Bei den Grünen wird Habecks Brief denn auch eher als Stoppschild gegenüber öffentlichen Festlegungen der Koalitionspartner gewertet - etwa für Mehrausgaben im Verteidigungsetat oder für ein Entlastungspaket im Frühjahr, das Lindner in Aussicht gestellt hat. Den Streit hätten der FDP-Chef und Verteidigungsminister Boris Pistorius (SPD) mit seiner Forderung nach zehn Milliarden Euro mehr für den Wehretat begonnen, so die Grünen-Lesart.

Im Gegenzug kündigt Habeck nun unverblümt die sogenannten Eckwerte auf, die den Rahmen für den Entwurf des Bundeshaushalts abstecken. Damit stellt er aber das komplizierte Verfahren infrage, das seit der Aufstellung des Etats 2012 die Rolle des Finanzministeriums als Kassenwart stärkt: Das Finanzministerium macht den Aufschlag für die Haushalts-Gespräche für die Fachressorts - unter der Vorgabe, dass der Gesamtetat die Schuldenbremse einhält.

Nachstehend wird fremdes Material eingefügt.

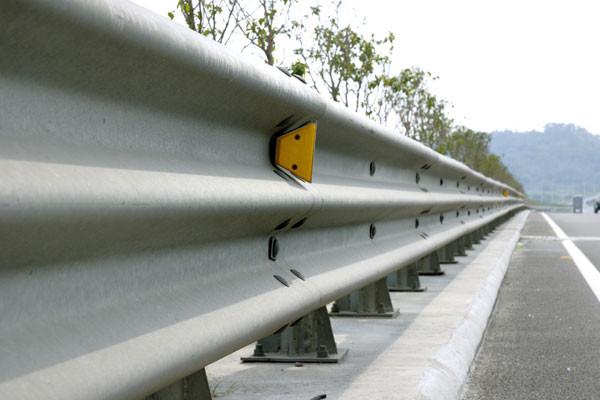 Q235 Galvanized Highway Guardrail Beam Thire Beam / W Beam / Transation Beam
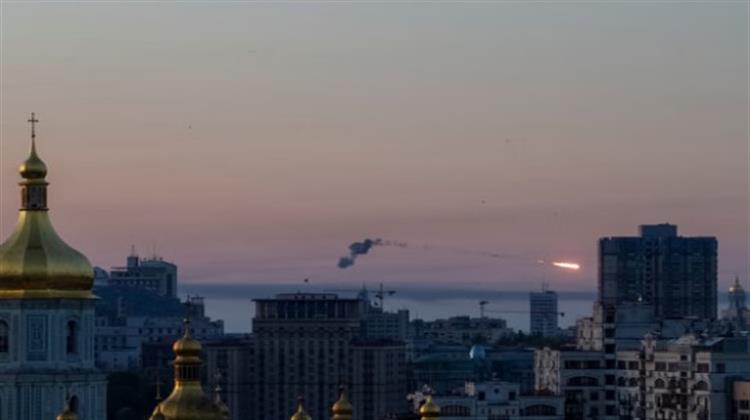 Χωρίς Ρεύμα Τμήματα του Κιέβου Έπειτα από Ρωσική Επίθεση με Πύραυλο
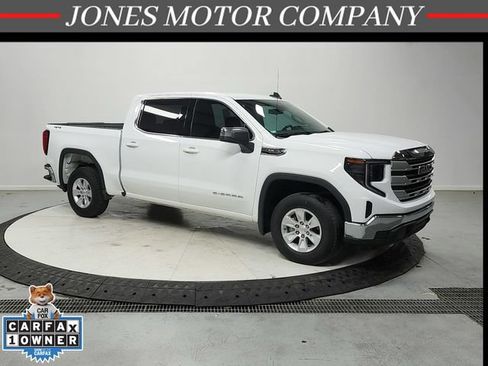 Used 2024 GMC Sierra 1500 SLE AWD/4WD image 1
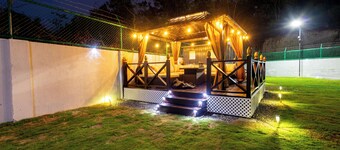 Elegant 3-bedroom Jamaican escape with AC and stunning ocean view in Runaway Bay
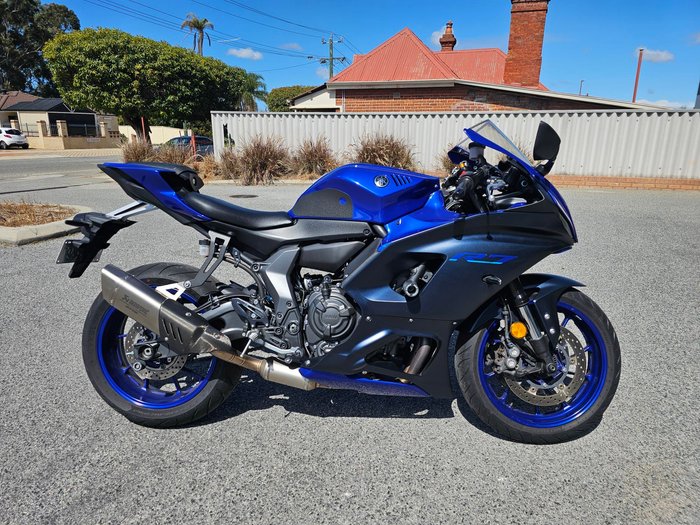 2022 Yamaha YZFR7 HO Blue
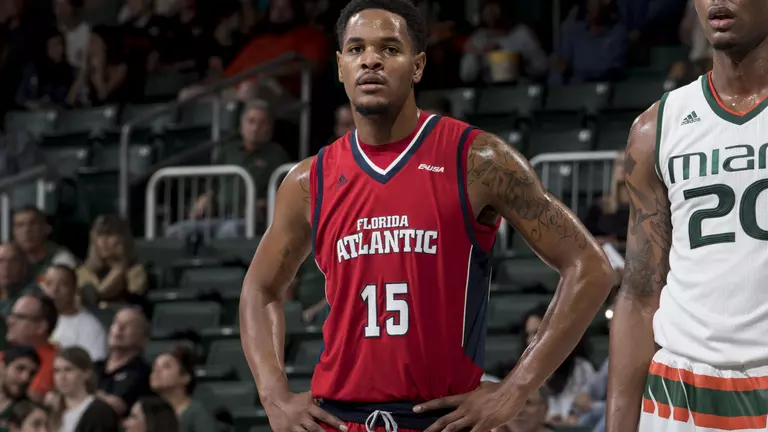 Men 's Basketball Hosts Ave Maria, Bethune-Cookman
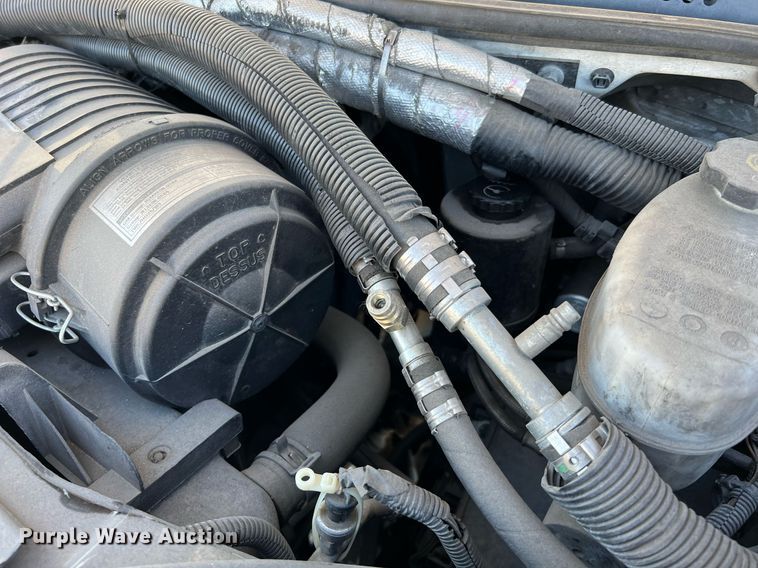 image for item LF9506 2018 Chevrolet Express  shuttle bus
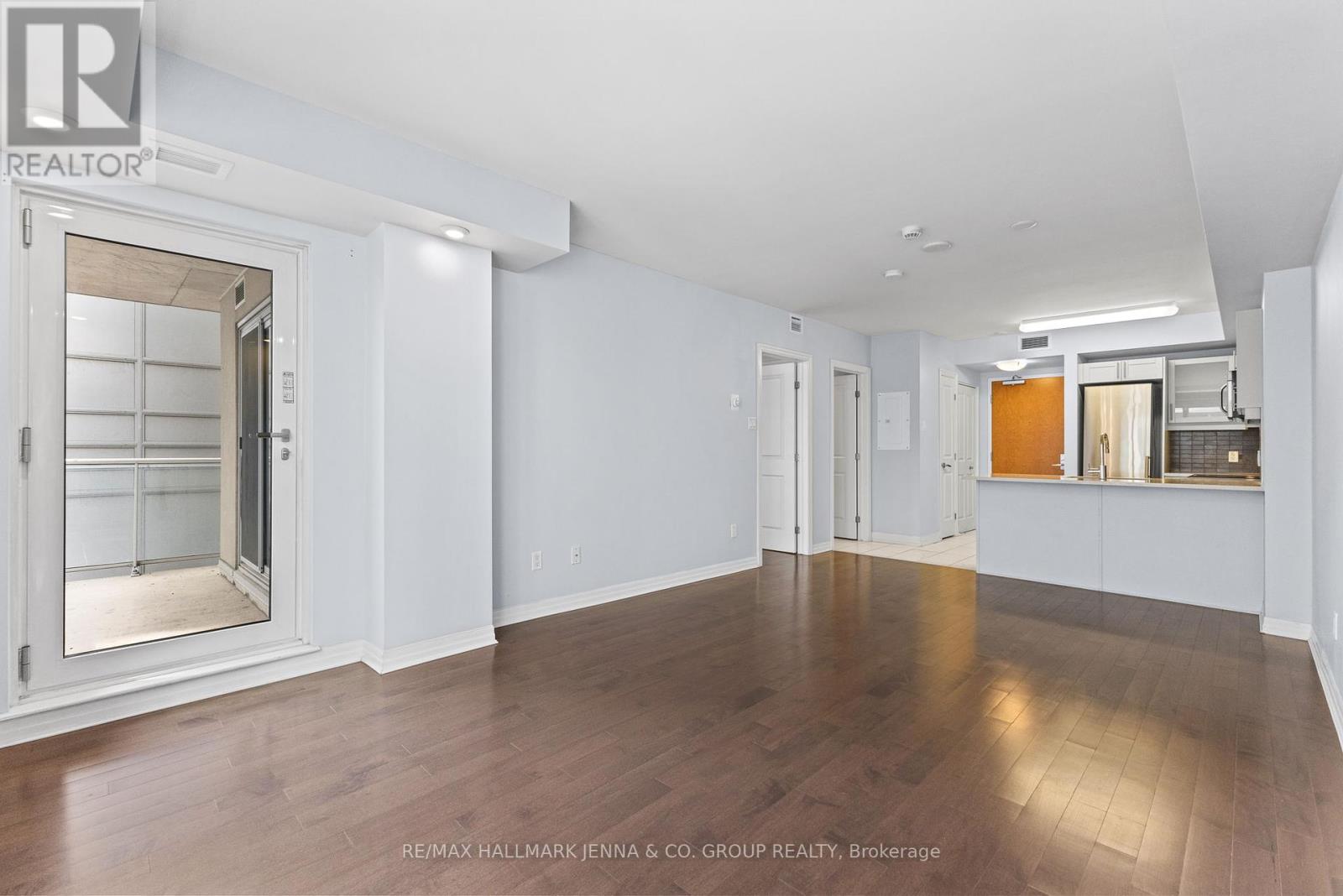 1306 - 195 Besserer Street
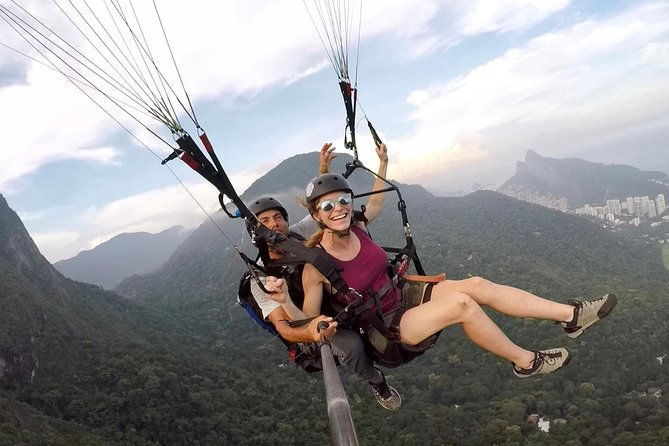 experience-hang-gliding-or-paragliding-in-rio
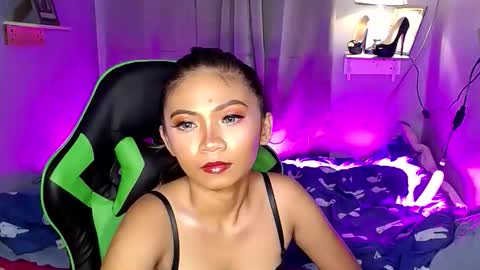 Snapshot of sinner_maria chatting on September 18, 6:56 pm sinner_maria online show from September 18, 6:56 pm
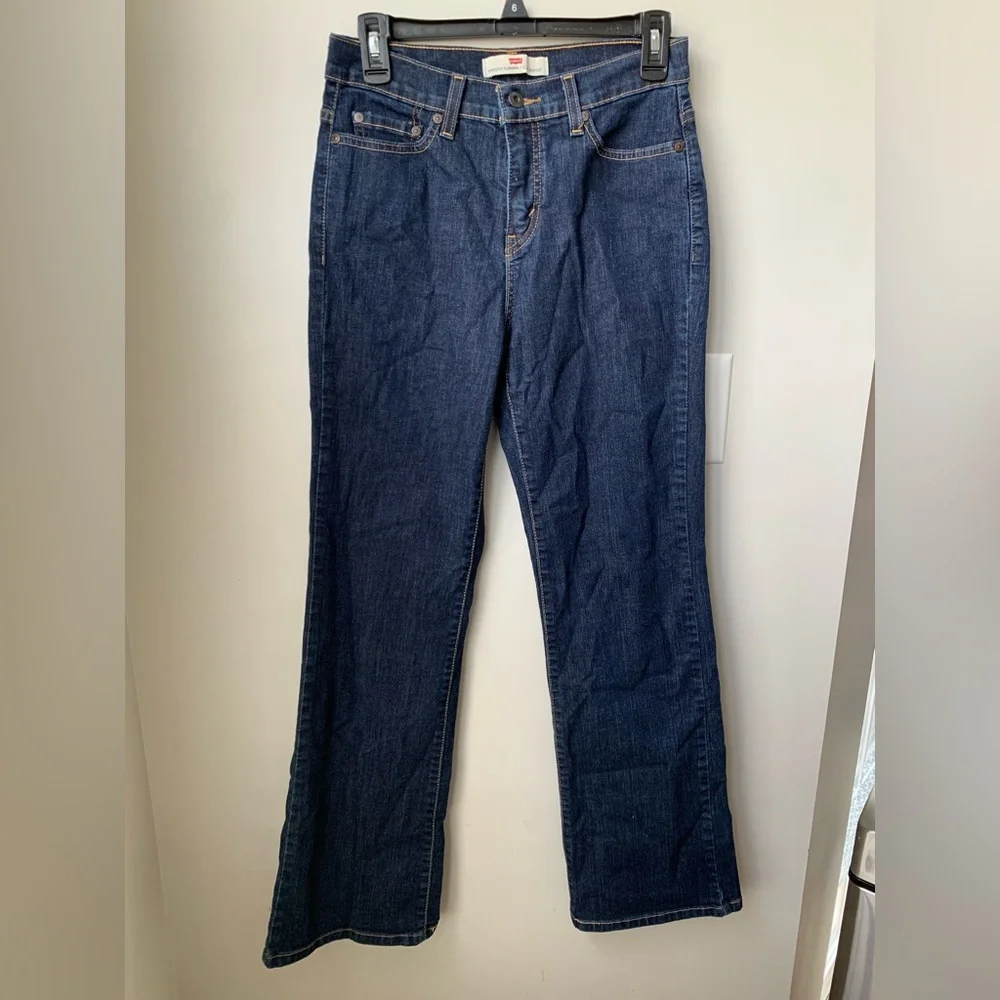 Levis waist rise
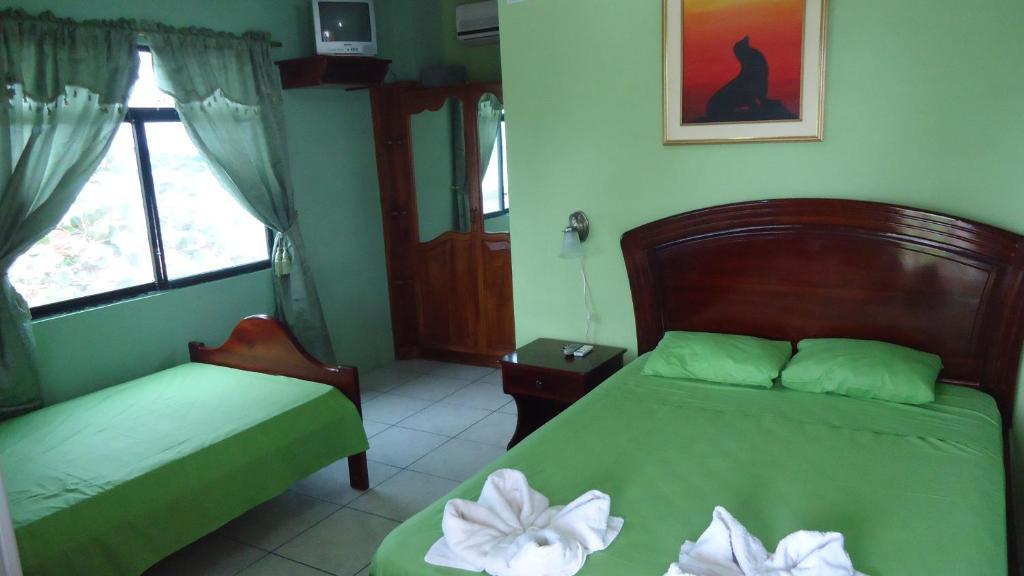 Casa Los Delfines Hotel Puerto Villamil Exterior photo
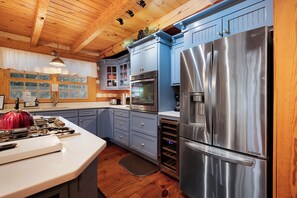 Fridge, microwave, oven, stovetop - The Reward at Goose Island - Cherry Log,GA (Cherry Log)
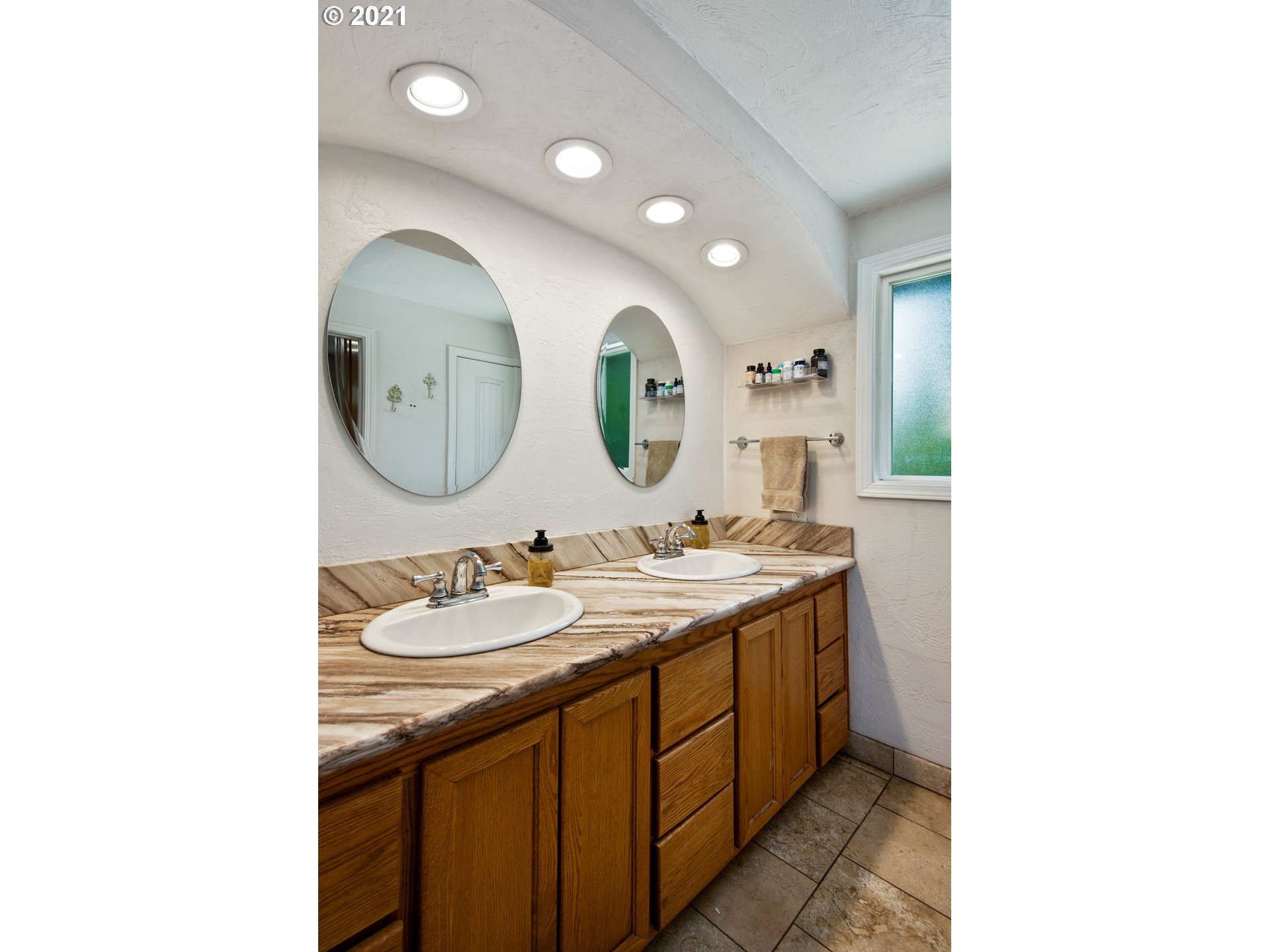 3608 Gilham Road Eugene, OR 97408 - Photo 21 of 30 Gallery Image 21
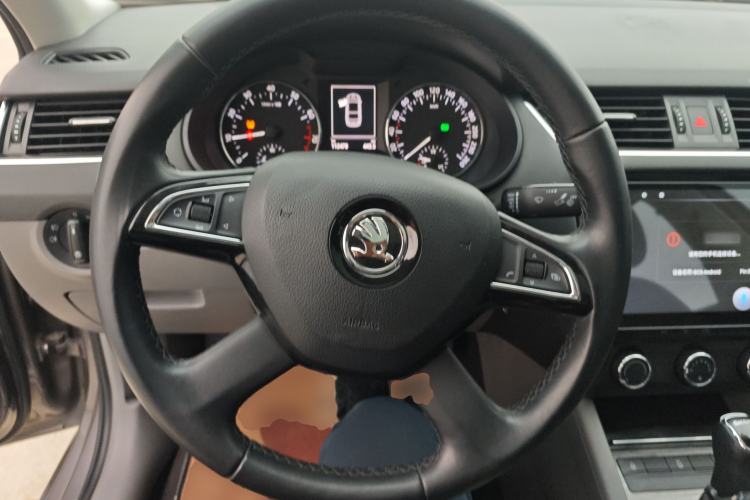 Used Skoda Octavia 2015 1.6L Automatic Yijun Edition
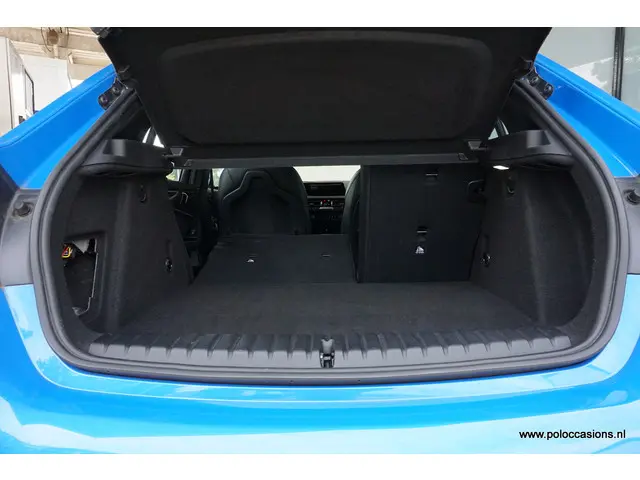 BMW 1 Serie 118i 2020 Benzine 27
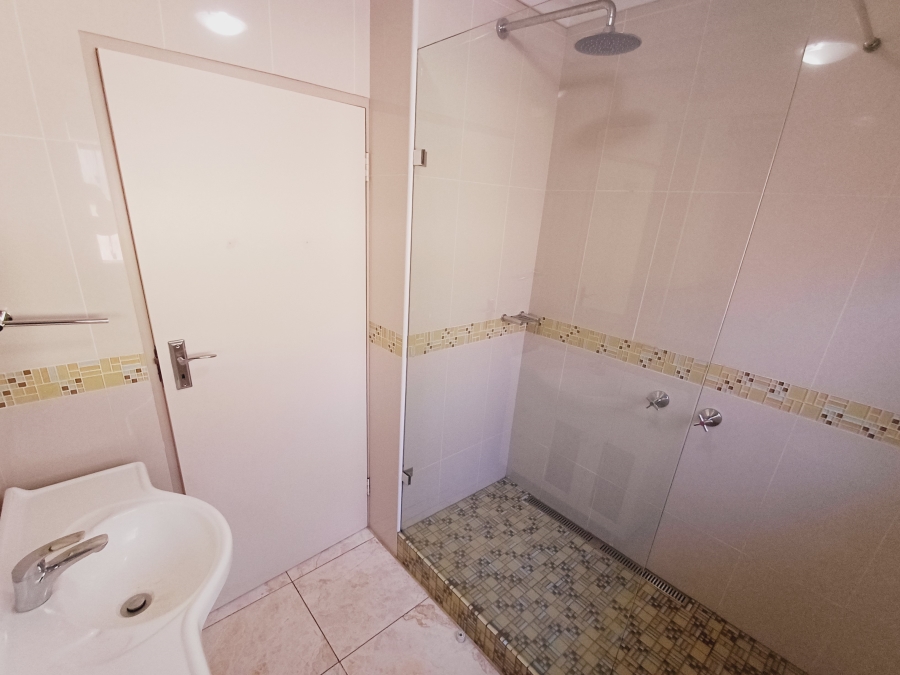 3 Bedroom Property for Sale in Faerie Glen Gauteng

Lindner gab die Leitlinie in einem Schreiben Anfang Januar vor: Es gelte die "Notwendigkeit, die fiskalische Expansion zurückzufahren". Sein Haushalts-Staatssekretär Werner Gatzer zog Mitte Januar die Ausgabengrenze für 2024 auf Grundlage des geltenden Finanzplans bis 2026 bei 423,7 Milliarden Euro. Seither ist zwar die Erwartung von Steuermehreinnahmen gestiegen - aber auch die an zusätzliche Belastungen. Das betrifft etwa die Wohngeldreform, das Inflationsausgleichsgesetz oder den erheblichen Anstieg der Zinsausgaben.

Ein Problem der Koalitionäre ist, dass sie im März zwar die Eckwerte für den Haushalt 2024 beschliessen wollen, aber der finanzielle Spielraum oder eben die Sparzwänge erst nach der Steuerschätzung im Mai klarer werden. Möglicherweise gibt es Spielraum, weil der "Doppel-Wumms"-Abwehrschirm gegen die hohen Energiepreise mit 200 Milliarden Euro gar nicht voll ausgeschöpft wird.

Was einige in der Ampel verärgert: Vorhaben wie die von Lindner forcierte Aktienrente liessen sich unter Umgehung der Schuldenbremse finanzieren. Die im Jahr 2023 gezahlten zehn Milliarden Euro für das "Generationenkapital" werden zwar aus Schulden aufgebracht, aber als finanzielle Transaktion nicht auf die Schuldenbremse angerechnet.